Es casi el colofón a una gran semana de datos y noticias sobre la burbuja inmobiliaria: Falta el artículo definitivo en el WSJ.
Zapatero Depletes Surplus as Housing Shakeout Reduces EU Growth
By Ben Sills
March 28 (Bloomberg) -- Miguel Angel Lopez and Virginia Pardo watched the steady rise of interest rates last year as they expected their first child and wondered whether they would be able to keep up with the mortgage on their two-bedroom Madrid apartment.
Then the government introduced a 2,500 euro ($3,947) payment for each newborn, the first in a series of benefits and tax breaks aimed at cushioning the impact as Europe's biggest housing boom shudders to a halt. Permits to build new homes, which peaked in 2006 at 734,978, two-thirds more than Germany and the U.K. together, will drop to 500,000 this year from 675,000 in 2007, according to Banco Bilbao Vizcaya Argentaria SA, Spain's No. 2 lender.
``Lots of people may have to stop paying their mortgages if rates keep increasing,'' says Pardo, a 29-year-old homemaker whose husband makes about 1,000 euros a month as a warehouse manager. ``This will give us room to breathe,'' she says, cradling their 2-day-old daughter, Ainhoa.
Prime Minister Jose Luis Rodriguez Zapatero, whose Socialist Party retained control of parliament in March 9 elections, is increasing government spending to avoid a real estate fire sale. In a country with an 86 percent home ownership rate, highest in the 15-nation euro region, the collapsing housing market is already slowing the economy.
Growth will dwindle to 2.5 percent this year from 3.8 percent in 2007, according to forecasts by the Paris-based Organization for Economic Cooperation and Development.
Wealth Tax Pledge
Zapatero, 47, and his People's Party opponent, Mariano Rajoy, 53, made the economy the centerpiece of their campaigns. Both pledged to end the wealth tax on assets, which has ensnared more and more Spaniards because of rising home values.
The Socialists also promised to give workers an annual income tax rebate of 400 euros and boost the lowest state pensions by 26 percent.

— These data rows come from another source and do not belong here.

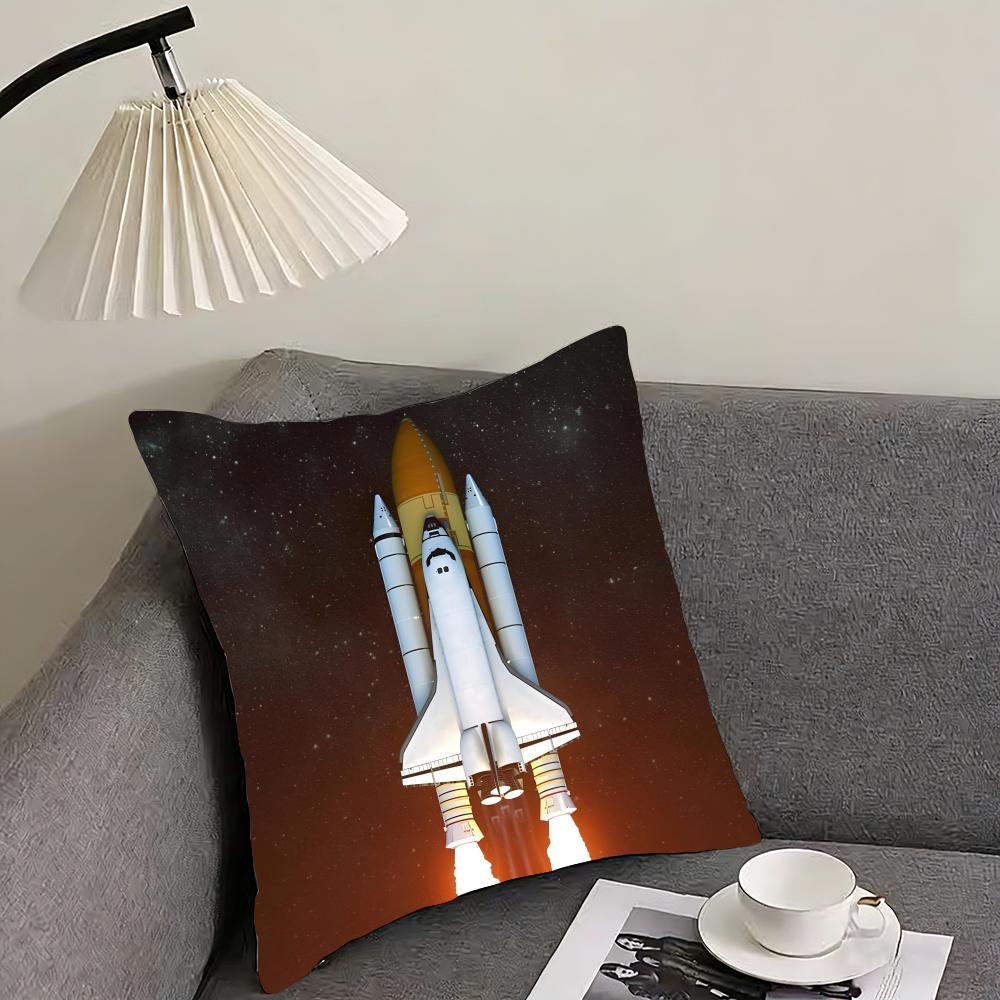 

Rocket Cool Cushion Cover Pillowcase Ultra Soft Skin Friendly Fabric Cloud Like Comfort Concealed Zipper 30x30cm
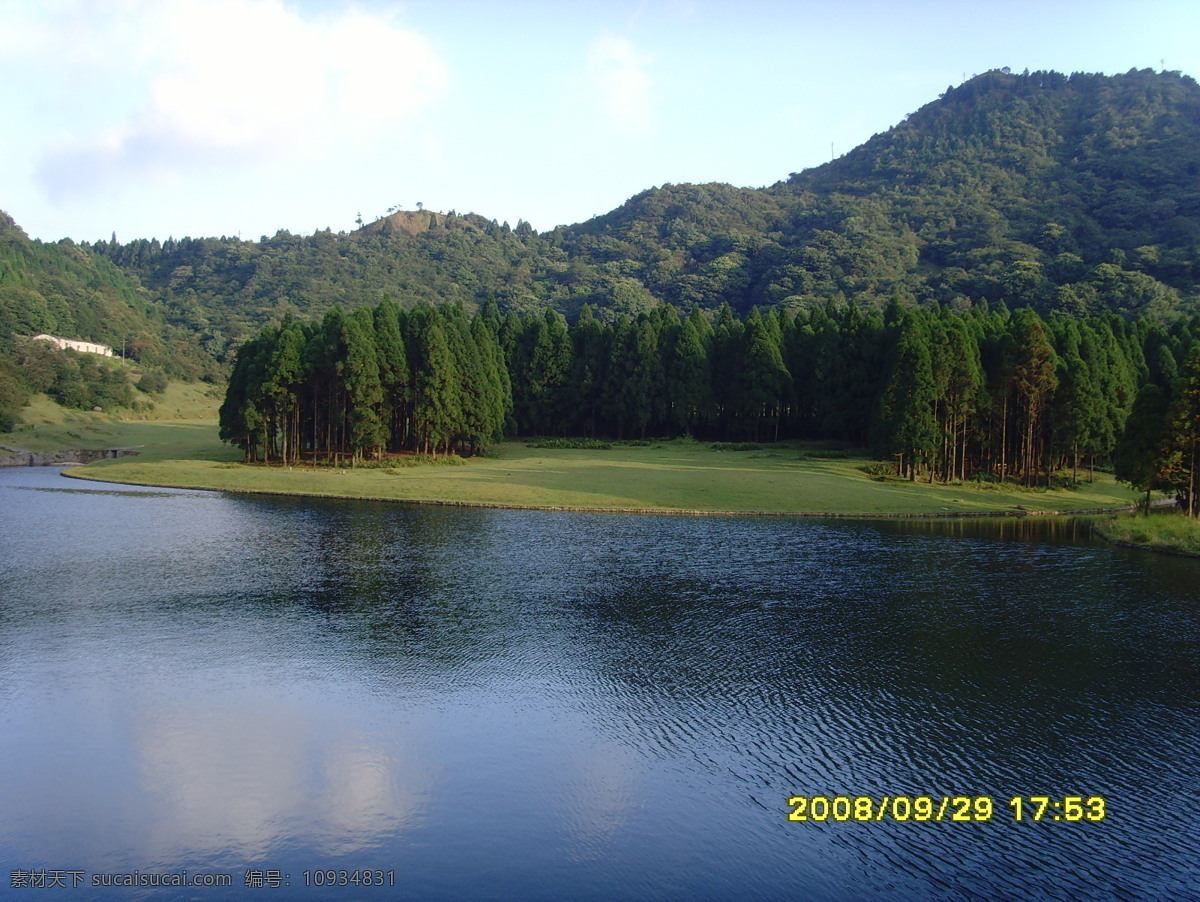 山水风光 山 树 天空 水 风景 生活 旅游餐饮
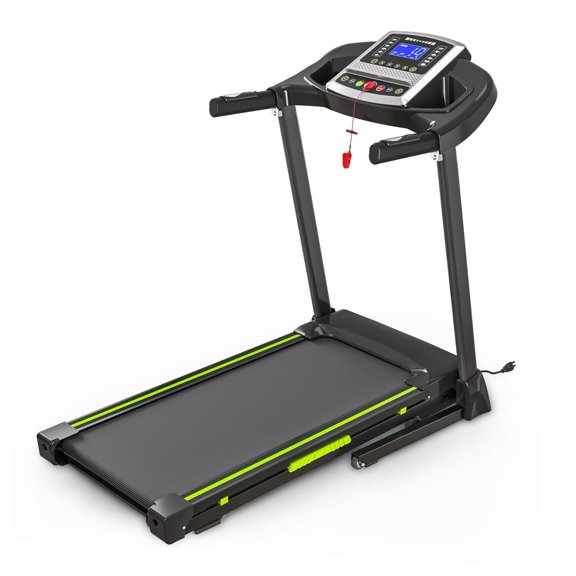 Folding Treadmill 3.5 Portable Foldable Treadmill With Handles 15% Auto Incline Home Walking Running Treadmill 0.5-7.5 MPH 330 Lb Weight Capacity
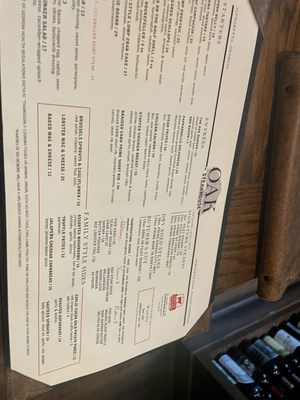 Menu photo 4 Oak Steakhouse Alpharetta, GA Menu photo 4 Oak Steakhouse Alpharetta, GA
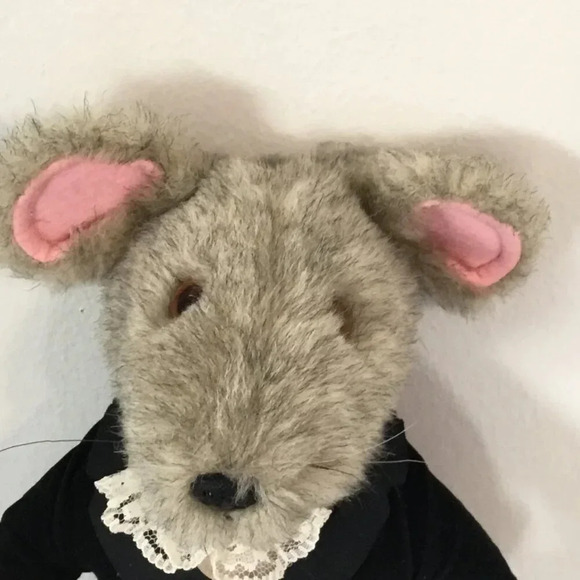 Rare Vintage Little Folk "Mouse  Louis" Plush, Victorian Edwardian Costume, 14" - Picture 9 of 16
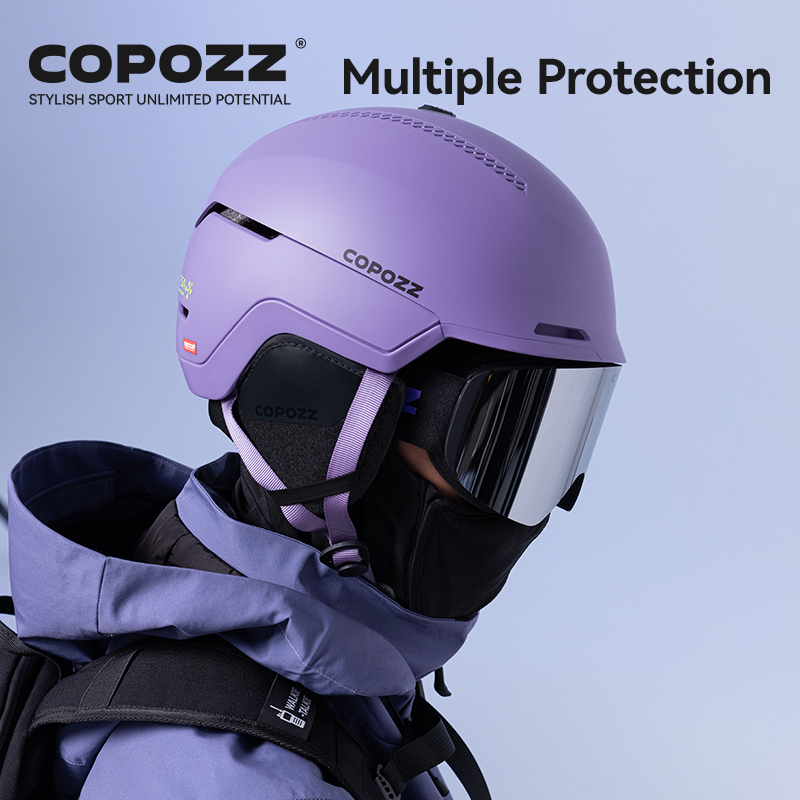หมวกกันน็อคสกีฤดูหนาว COPOZZ แ - Ski Helmet With Integrated Visor บทวิจารณ์และราคา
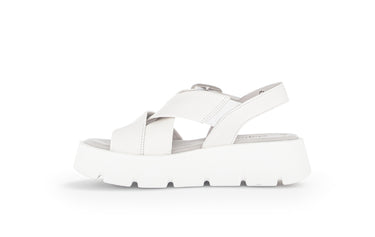 Mules écrues en cuir lisse
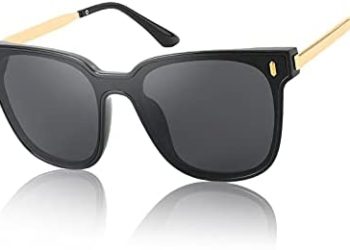 FEISEDY Women Oversized Vintage Square Sunglasses Fashion Shades for Men UV400 B2797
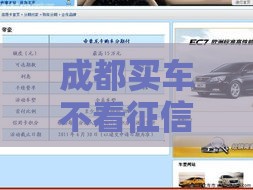成都买车不看征信吗现在 实测3家秒过贷款平台攻略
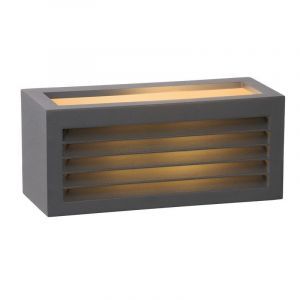 Antraciete wandlamp Dimo voor buiten, modern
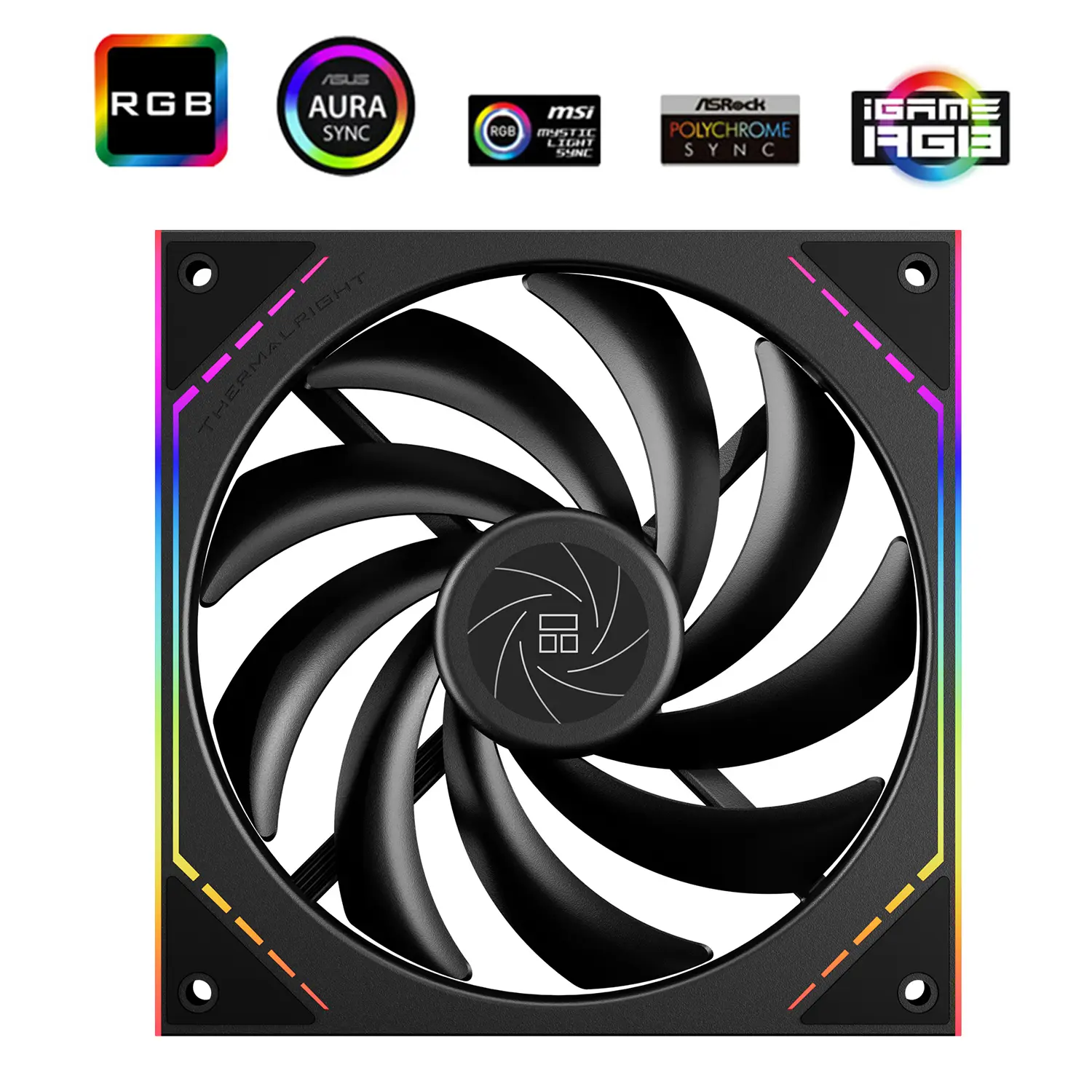 Thermalright TL-M14 140mm ARGB Cabinet Fan Black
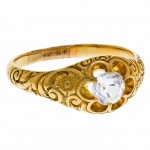 Australian made Antique Denis 18ct gold and Diamond ring. Click for more information...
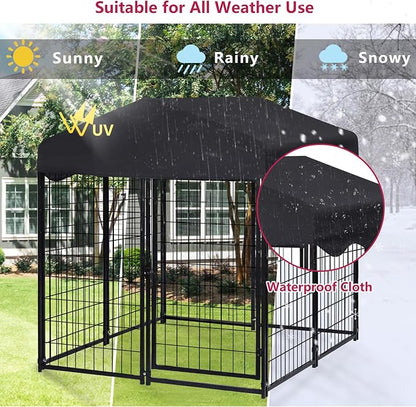 Dog Kennel Outside, 4.5' x 4' x 4' Dog Kennel Outdoor - Image 3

That's on top of the surge in infrastructure investment already budgeted for this year.
``We've saved, we've managed our finances well and we've got a bigger surplus than expected, so we can stimulate the economy and help families,'' Zapatero said in a Jan. 29 interview on Spanish public television. ``This is a prudent measure.''
Residential construction, which accounts for about 6 percent of Spain's economy, peaked in 2006 after a decade-long surge fueled by a drop in interest rates, growing incomes and vacation home purchases by Britons, Germans and other northern Europeans. Housing prices gained 11 percent a year on average, as even ordinary Spaniards speculated in real estate.
Consumer Spending Power
Spain's economic growth, which outpaced the euro-region average, provided a quarter of the single-currency area's new consumer spending during the past four years, according to the European Union's Luxembourg-based statistics agency, Eurostat. That's more than five times the contribution of Germany, where the economy is three times the size.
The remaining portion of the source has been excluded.